### REQUIRED WORK
Could you retype only the lines from the one containing "3rd image of 7159 E 24th Ln" through the final line of the entries, both included, skipping any images?

Records contained in a dataset
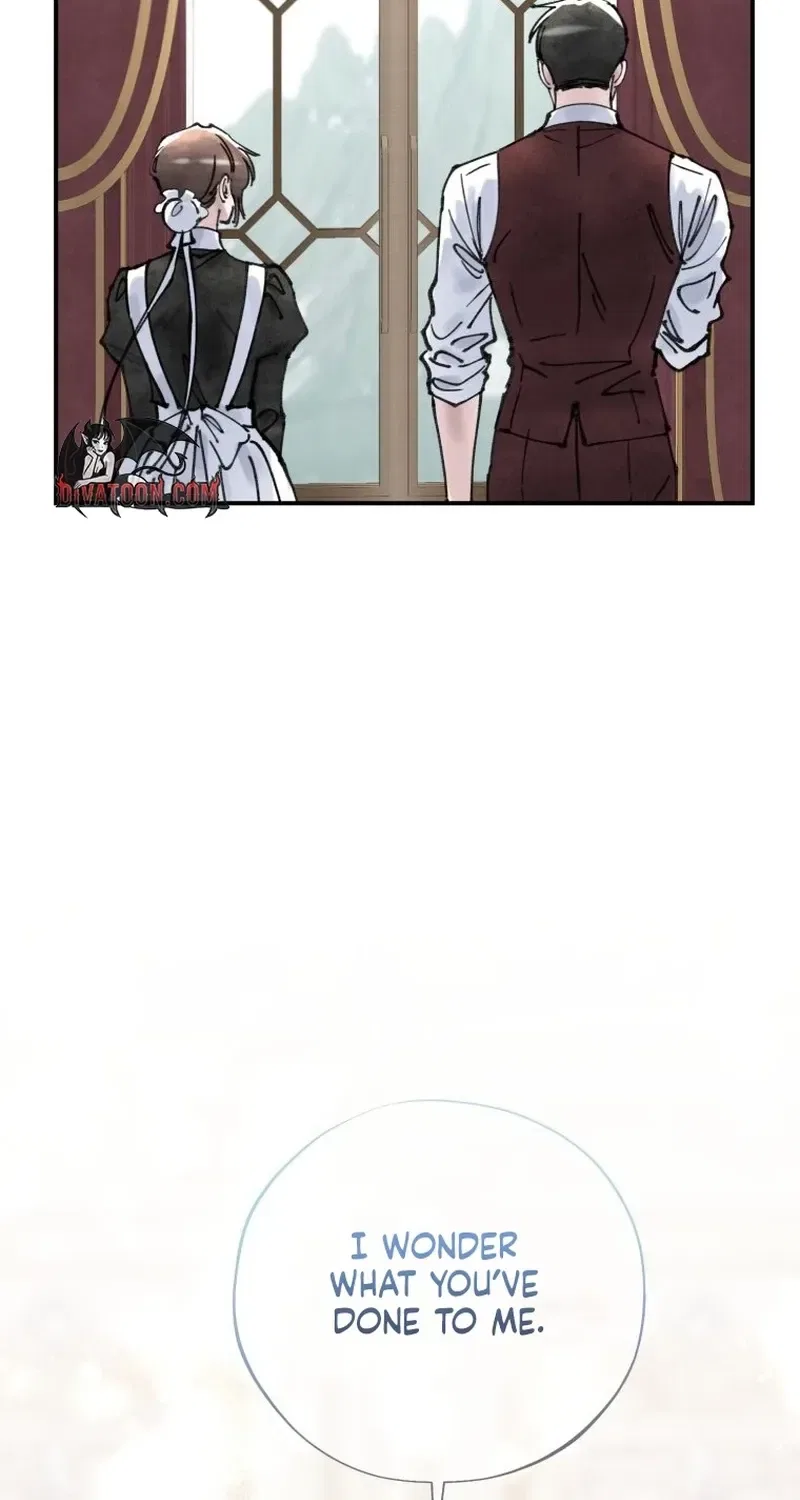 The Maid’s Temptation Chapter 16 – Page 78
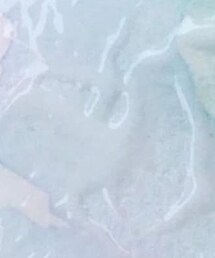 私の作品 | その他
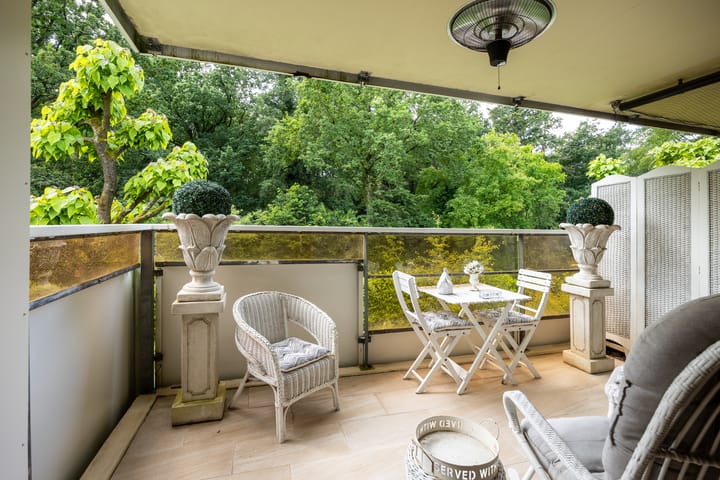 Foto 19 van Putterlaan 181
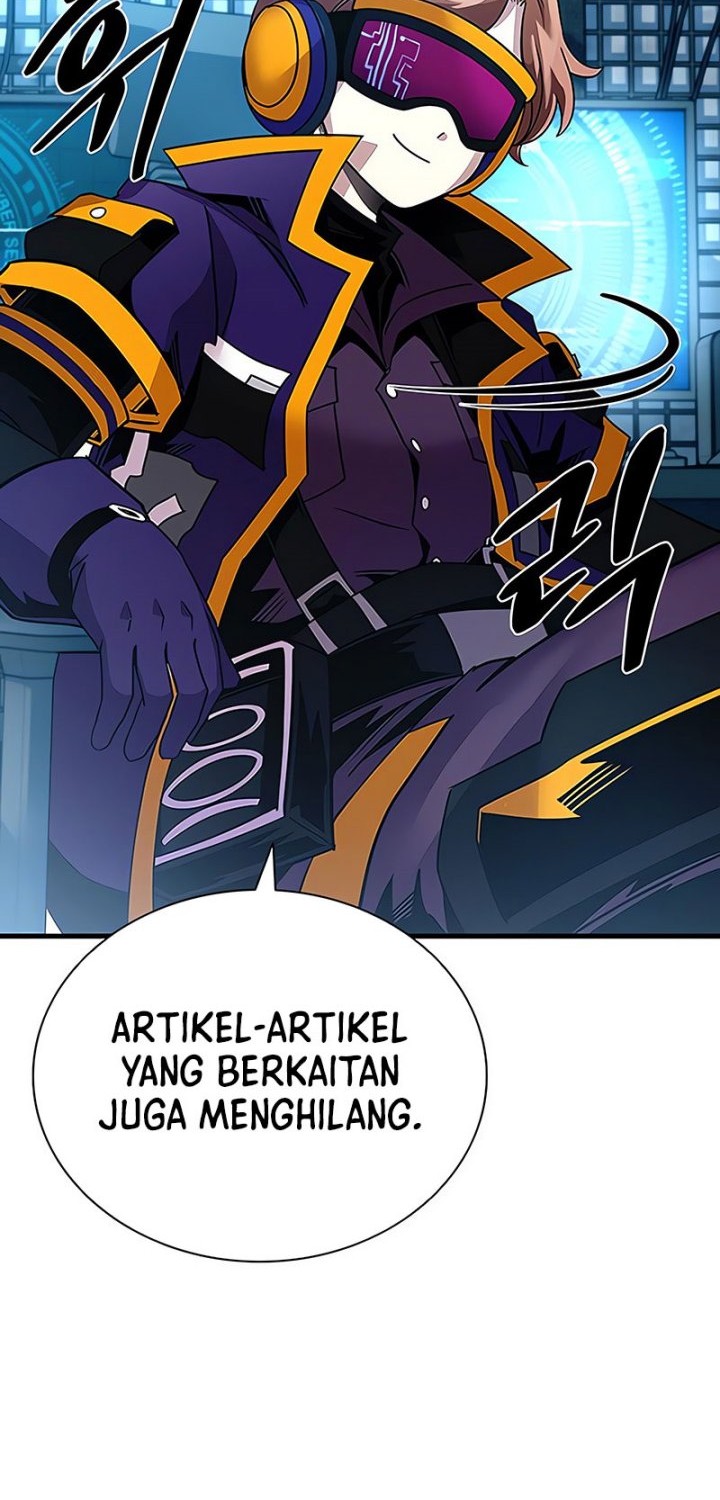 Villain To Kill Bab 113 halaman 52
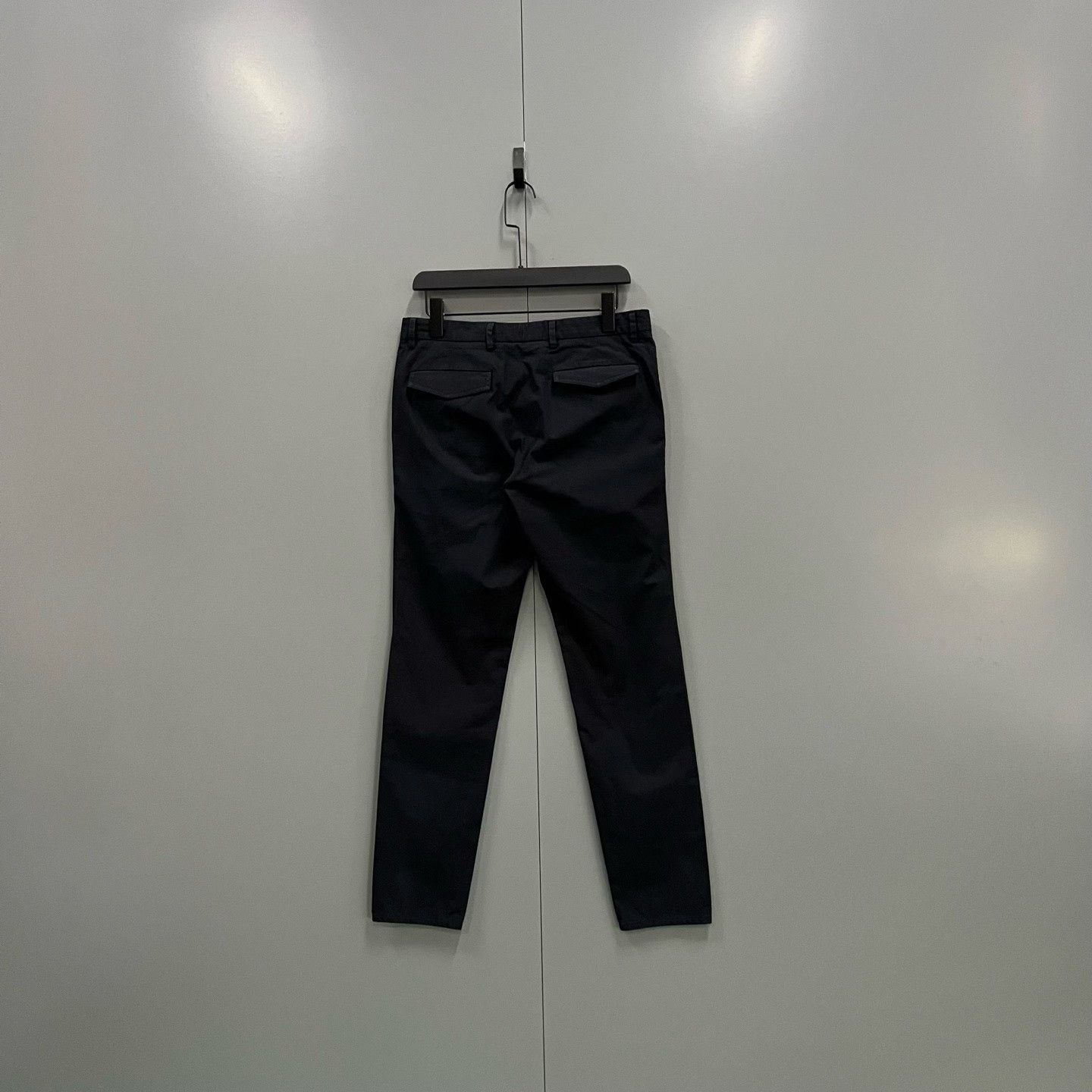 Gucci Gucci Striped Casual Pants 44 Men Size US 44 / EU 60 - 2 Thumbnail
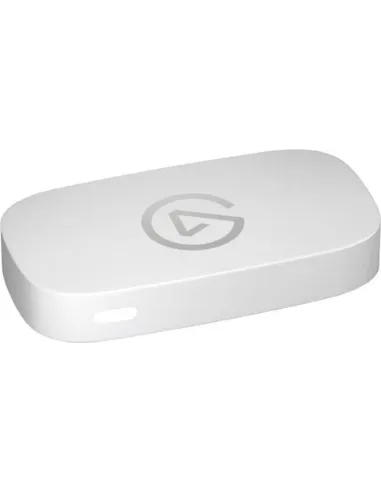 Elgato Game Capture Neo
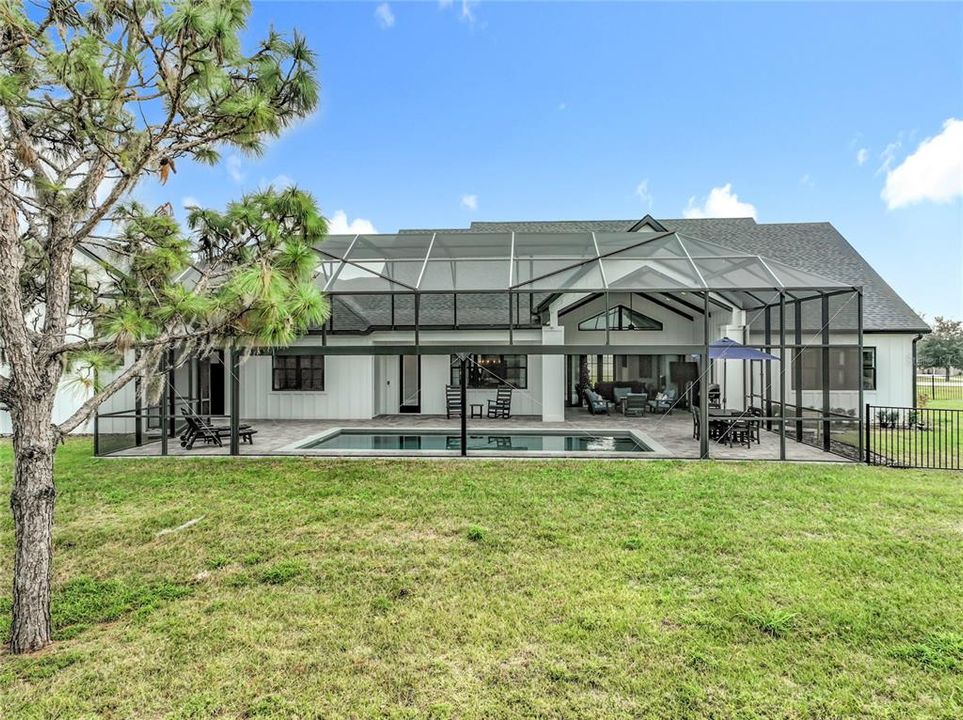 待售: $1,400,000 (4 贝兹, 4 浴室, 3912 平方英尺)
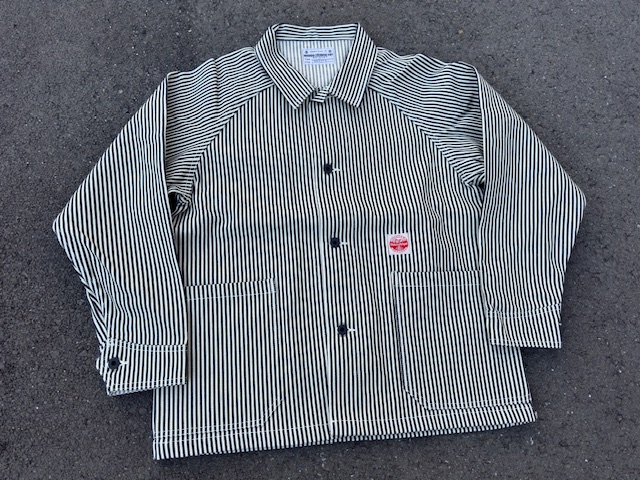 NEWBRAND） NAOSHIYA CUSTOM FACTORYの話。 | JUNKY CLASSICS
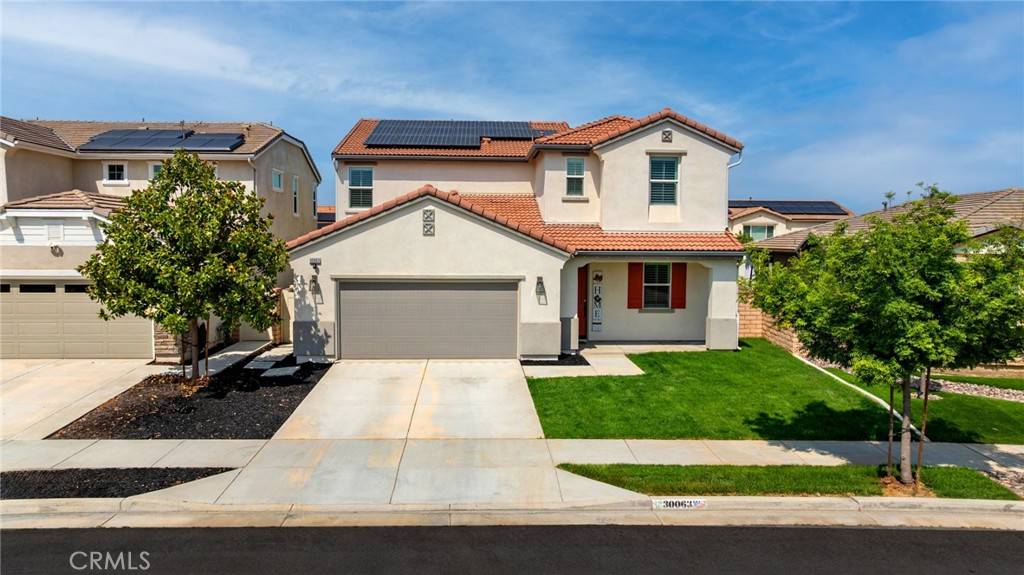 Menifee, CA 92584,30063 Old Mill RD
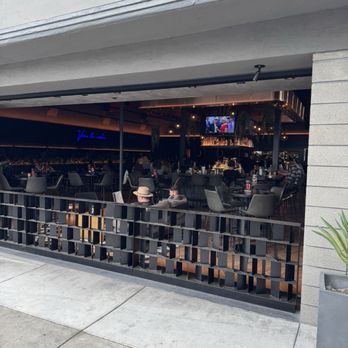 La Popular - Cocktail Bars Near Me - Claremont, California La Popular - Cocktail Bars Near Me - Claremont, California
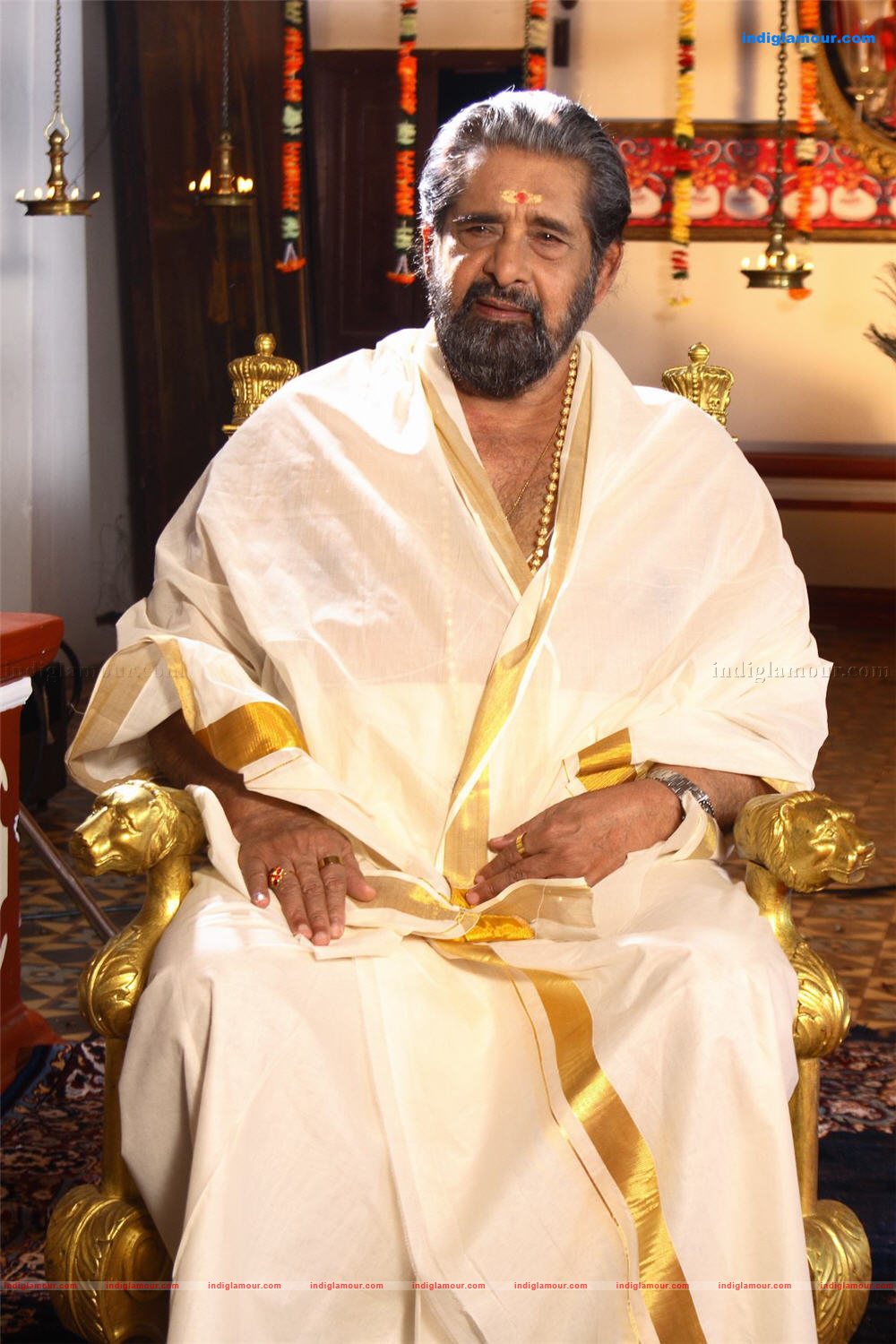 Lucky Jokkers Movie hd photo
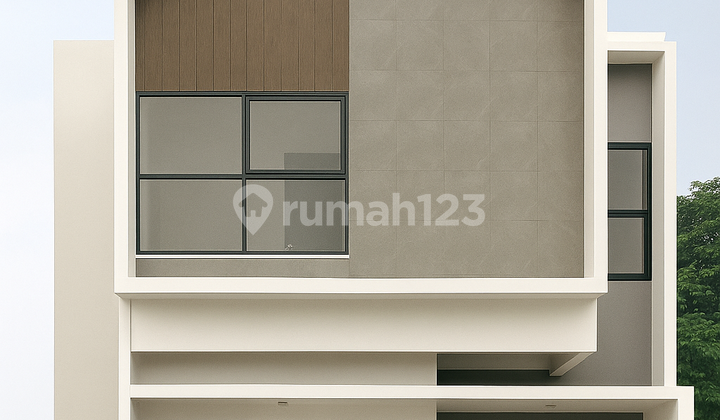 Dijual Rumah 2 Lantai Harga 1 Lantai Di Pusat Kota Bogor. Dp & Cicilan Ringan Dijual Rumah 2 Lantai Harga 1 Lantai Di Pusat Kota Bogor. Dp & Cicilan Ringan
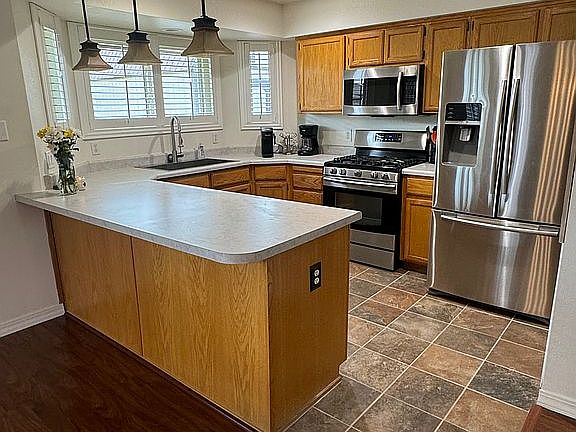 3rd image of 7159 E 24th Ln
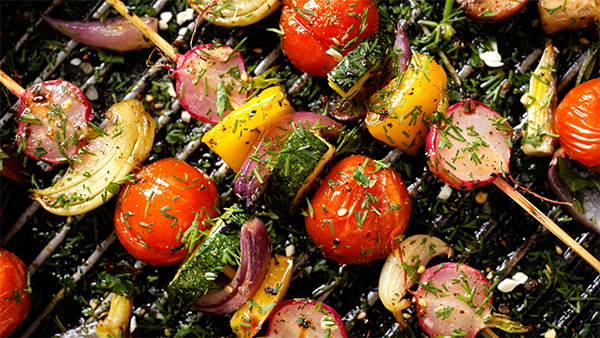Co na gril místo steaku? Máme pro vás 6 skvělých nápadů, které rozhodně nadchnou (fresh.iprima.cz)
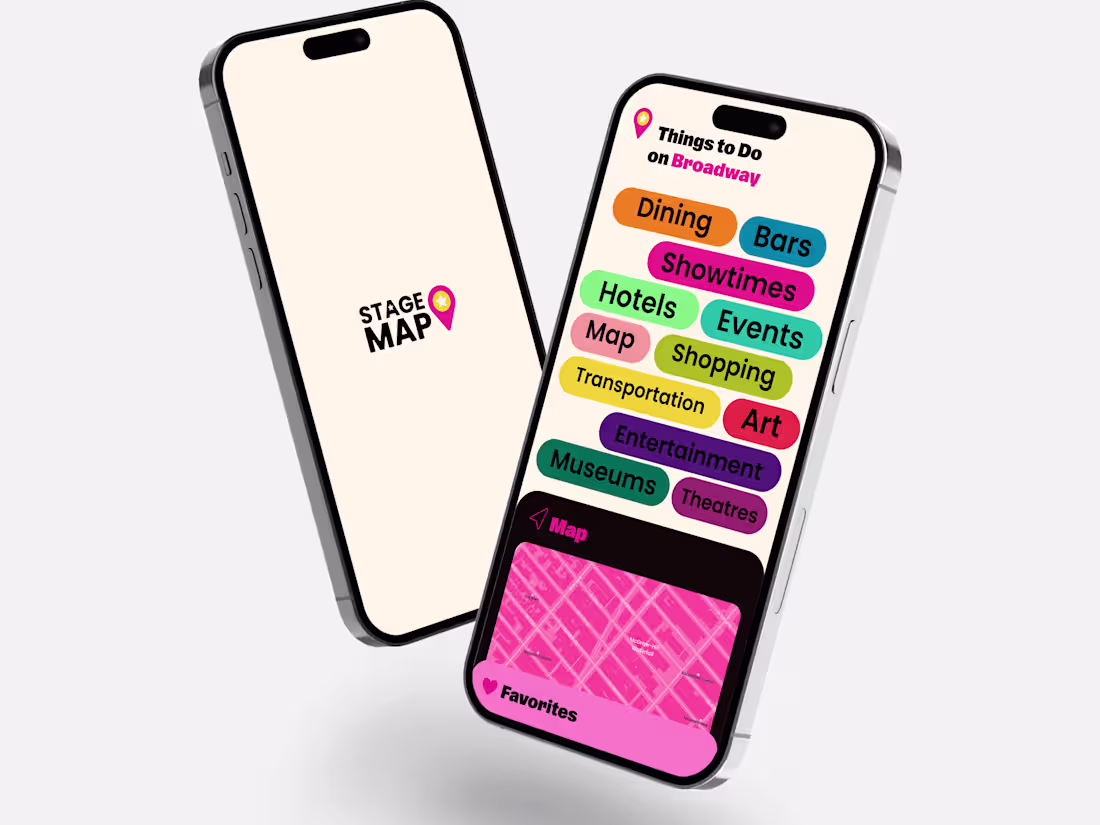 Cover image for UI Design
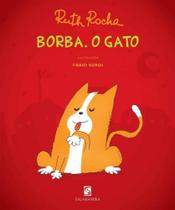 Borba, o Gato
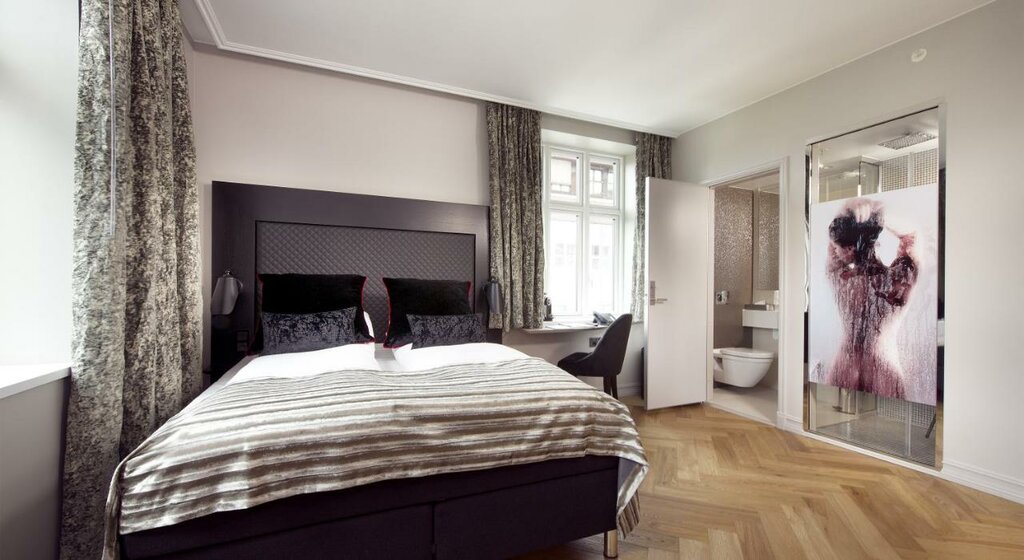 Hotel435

### EXERCISE OUTPUT
 3rd image of 7159 E 24th Ln
Co na gril místo steaku? Máme pro vás 6 skvělých nápadů, které rozhodně nadchnou (fresh.iprima.cz)
 Cover image for UI Design
 Borba, o Gato
 Hotel435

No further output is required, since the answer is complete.